A Lei 6.704/2015, do Estado do Piauí, aprovada pela Assemblei Legislativa, que trata do uso de depósitos judiciais pelo governo do estado vem provocando polêmica. O Conselho Federal da Ordem dos Advogados do Brasil, Seccional Piauí (OAB) ajuizou Ação Direta de Inconstitucionalidade junto ao Supremo Tribunal Federal(STF) com pedido de medida cautelar contra a lei.

Presidente da OAB-PI, Willian Guimarães, destaca que é preciso ter soluções a longo prazo e mais efetivas (Foto: Catarina Costa/G1)
Presidente da OAB-PI, Willian Guimarães
(Foto: Catarina Costa/G1)

Para a OAB, o estado está ferindo um dispositivo constitucional, já que não teria competência para legislar sobre a matéria.

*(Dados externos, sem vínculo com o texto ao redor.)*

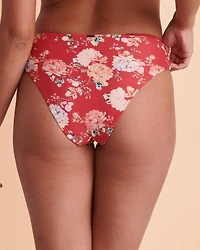 STELLA FLORAL Tulum High Leg Bikini Bottom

“Entendemos que essa legislação, ao permitir a utilização destes recursos para pagamento de dívidas previdenciárias, assim como amortização com a União, afronta a Constituição Federal. A matéria trata de legislação de natureza processual, cuja competência é da União”, disse o presidente da OAB-PI, Willian Guimarães.

A lei dispõe sobre a utilização de depósitos judiciais em dinheiro referentes a processos judiciais ou administrativos, tributários ou não tributários, em feitos vinculados ao Tribunal de Justiça do Piauí, para custeio da previdência social, pagamento de precatórios e amortização da dívida com a União.

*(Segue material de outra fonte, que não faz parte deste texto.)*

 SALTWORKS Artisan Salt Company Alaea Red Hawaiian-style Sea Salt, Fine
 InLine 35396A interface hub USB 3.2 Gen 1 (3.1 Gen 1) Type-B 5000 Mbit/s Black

O secretário de Fazenda do estado Rafael Fonteles afirmou que já está sendo assinado um contrato com o Banco do Brasil para o repasse desses valores às contas do estado.

“A OAB está fazendo sua parte em questionar, é obrigação dela. Da nossa parte estamos fazendo o que os outros estados já faziam algum tempo, que é utilizar esses recurso para o pagamento dessas dívidas. A parte que estamos utilizando é só a das causas que envolvem o estado. Até sexta-feira já vamos transferir R$ 30 milhões para os pagamentos das contas da previdência”, afirmou.

De acordo com o presidente da OAB/Piauí, se o STF acatar o pedido, o governo terá que devolver o montante para os cofres do poder judiciário. “Já há diversos precedentes no sentido de considerar essas leis inconstitucionais”, lembrou Willian  Guimarães.

A relatora da Ação Direta de Inconstitucionalidade é a ministra Rosa Weber. A ação será julgada no Plenário do STF diretamente no mérito, sem prévia análise do pedido de liminar.